Work instructions
In the data below, set down exactly the lines from the one containing "Reskid Kids Drawing" up to and including the one containing "A beige matte". Leave the pictures out.

(Beginning of Source material)

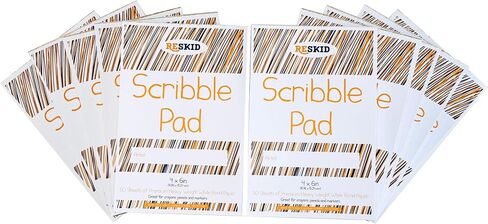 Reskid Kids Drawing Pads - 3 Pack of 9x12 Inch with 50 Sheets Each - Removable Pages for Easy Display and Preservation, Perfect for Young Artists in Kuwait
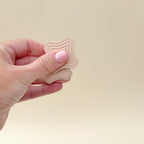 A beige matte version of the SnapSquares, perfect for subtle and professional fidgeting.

(End of Source material)
(Beginning of Source material)

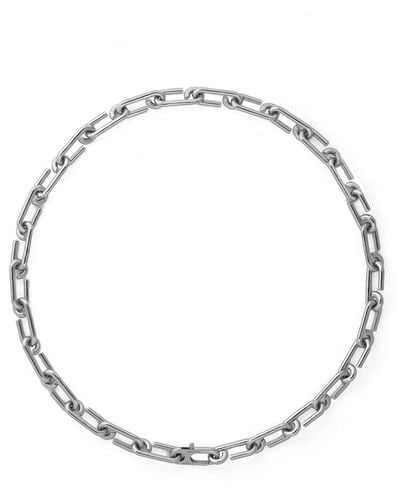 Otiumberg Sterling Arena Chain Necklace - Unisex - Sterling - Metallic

(End of Source material)
(Beginning of Source material)

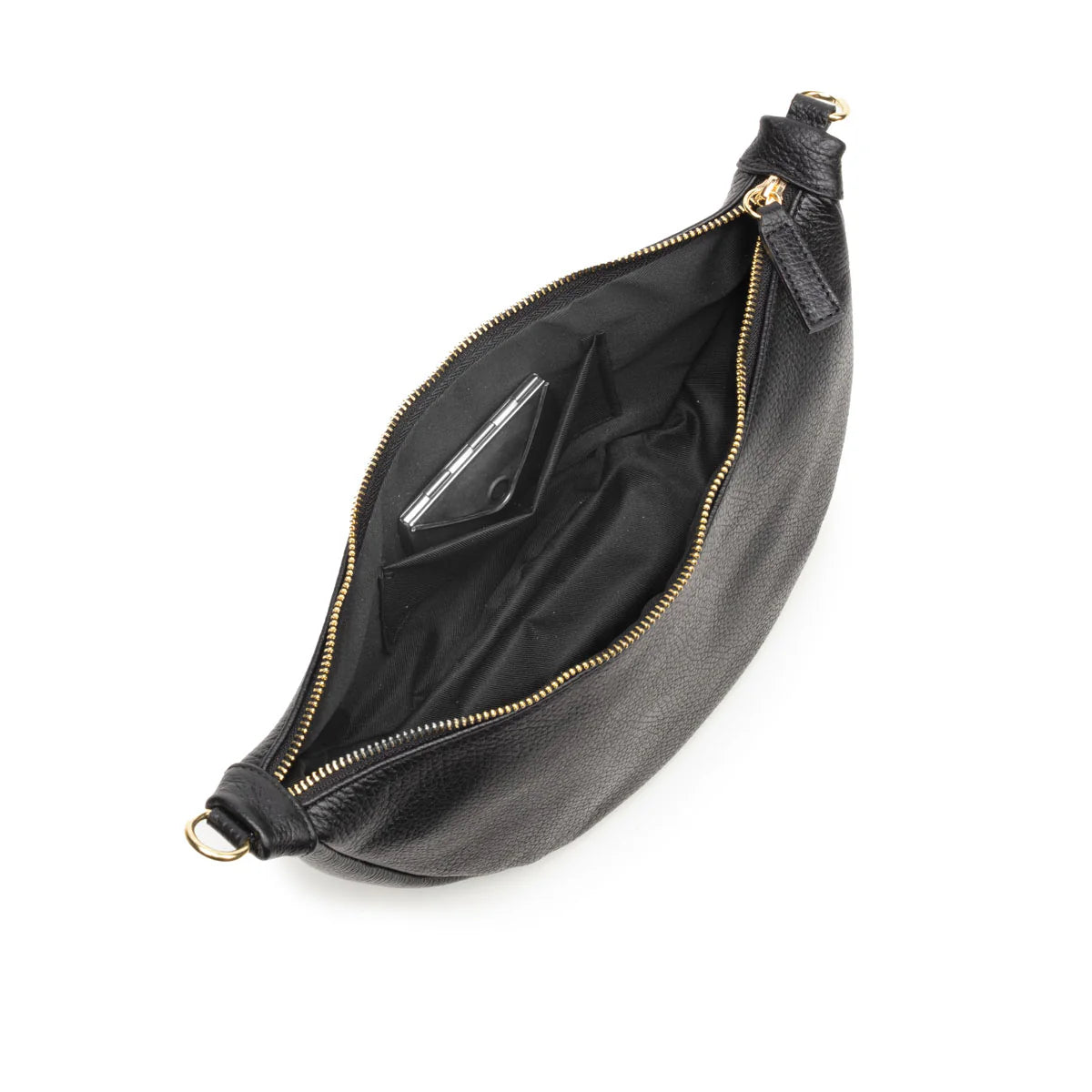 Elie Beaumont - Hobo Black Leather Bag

(End of Source material)

Answer to this problem
 Reskid Kids Drawing Pads - 3 Pack of 9x12 Inch with 50 Sheets Each - Removable Pages for Easy Display and Preservation, Perfect for Young Artists in Kuwait
 A beige matte version of the SnapSquares, perfect for subtle and professional fidgeting.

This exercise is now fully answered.